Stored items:

□ □ □

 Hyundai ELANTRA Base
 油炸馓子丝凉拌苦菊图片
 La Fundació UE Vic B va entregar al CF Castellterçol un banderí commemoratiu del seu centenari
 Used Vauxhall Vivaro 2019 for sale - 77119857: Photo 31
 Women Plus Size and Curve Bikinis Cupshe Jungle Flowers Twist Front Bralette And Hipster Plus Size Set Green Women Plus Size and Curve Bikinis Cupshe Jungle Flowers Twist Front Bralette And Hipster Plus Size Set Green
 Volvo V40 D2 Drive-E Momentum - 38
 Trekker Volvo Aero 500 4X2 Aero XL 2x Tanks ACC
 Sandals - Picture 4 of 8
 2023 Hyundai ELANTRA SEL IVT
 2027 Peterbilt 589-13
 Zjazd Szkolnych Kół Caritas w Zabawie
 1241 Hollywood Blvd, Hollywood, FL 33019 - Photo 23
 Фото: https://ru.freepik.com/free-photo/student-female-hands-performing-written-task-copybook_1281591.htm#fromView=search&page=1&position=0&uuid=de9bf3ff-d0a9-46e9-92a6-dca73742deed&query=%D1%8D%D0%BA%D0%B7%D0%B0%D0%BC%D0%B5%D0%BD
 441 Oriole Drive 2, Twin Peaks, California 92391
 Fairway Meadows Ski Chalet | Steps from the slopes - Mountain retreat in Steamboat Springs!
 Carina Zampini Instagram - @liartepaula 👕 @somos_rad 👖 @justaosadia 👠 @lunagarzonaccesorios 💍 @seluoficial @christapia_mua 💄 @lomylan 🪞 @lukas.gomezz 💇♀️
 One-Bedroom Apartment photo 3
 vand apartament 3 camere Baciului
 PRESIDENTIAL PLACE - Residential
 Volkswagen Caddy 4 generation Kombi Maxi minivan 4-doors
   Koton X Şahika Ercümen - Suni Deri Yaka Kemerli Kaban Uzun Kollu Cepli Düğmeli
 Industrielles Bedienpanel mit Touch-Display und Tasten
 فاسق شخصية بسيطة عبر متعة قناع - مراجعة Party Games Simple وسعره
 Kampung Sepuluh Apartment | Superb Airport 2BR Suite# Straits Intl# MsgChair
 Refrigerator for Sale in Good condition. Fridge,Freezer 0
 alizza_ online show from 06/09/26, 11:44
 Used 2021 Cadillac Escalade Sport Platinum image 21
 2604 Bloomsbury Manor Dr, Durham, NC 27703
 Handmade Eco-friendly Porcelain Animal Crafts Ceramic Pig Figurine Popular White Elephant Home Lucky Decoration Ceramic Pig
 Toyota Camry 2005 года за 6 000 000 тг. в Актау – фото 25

□ □ □

AIM OF THE TASK: Only the lines from the one with "1241 Hollywood Blvd, Hollywood, FL" through the final line above belong in the answer, each reproduced word for word.

ANSWER SPACE:
 1241 Hollywood Blvd, Hollywood, FL 33019 - Photo 23
 Фото: https://ru.freepik.com/free-photo/student-female-hands-performing-written-task-copybook_1281591.htm#fromView=search&page=1&position=0&uuid=de9bf3ff-d0a9-46e9-92a6-dca73742deed&query=%D1%8D%D0%BA%D0%B7%D0%B0%D0%BC%D0%B5%D0%BD
 441 Oriole Drive 2, Twin Peaks, California 92391
 Fairway Meadows Ski Chalet | Steps from the slopes - Mountain retreat in Steamboat Springs!
 Carina Zampini Instagram - @liartepaula 👕 @somos_rad 👖 @justaosadia 👠 @lunagarzonaccesorios 💍 @seluoficial @christapia_mua 💄 @lomylan 🪞 @lukas.gomezz 💇♀️
 One-Bedroom Apartment photo 3
 vand apartament 3 camere Baciului
 PRESIDENTIAL PLACE - Residential
 Volkswagen Caddy 4 generation Kombi Maxi minivan 4-doors
   Koton X Şahika Ercümen - Suni Deri Yaka Kemerli Kaban Uzun Kollu Cepli Düğmeli
 Industrielles Bedienpanel mit Touch-Display und Tasten
 فاسق شخصية بسيطة عبر متعة قناع - مراجعة Party Games Simple وسعره
 Kampung Sepuluh Apartment | Superb Airport 2BR Suite# Straits Intl# MsgChair
 Refrigerator for Sale in Good condition. Fridge,Freezer 0
 alizza_ online show from 06/09/26, 11:44
 Used 2021 Cadillac Escalade Sport Platinum image 21
 2604 Bloomsbury Manor Dr, Durham, NC 27703
 Handmade Eco-friendly Porcelain Animal Crafts Ceramic Pig Figurine Popular White Elephant Home Lucky Decoration Ceramic Pig
 Toyota Camry 2005 года за 6 000 000 тг. в Актау – фото 25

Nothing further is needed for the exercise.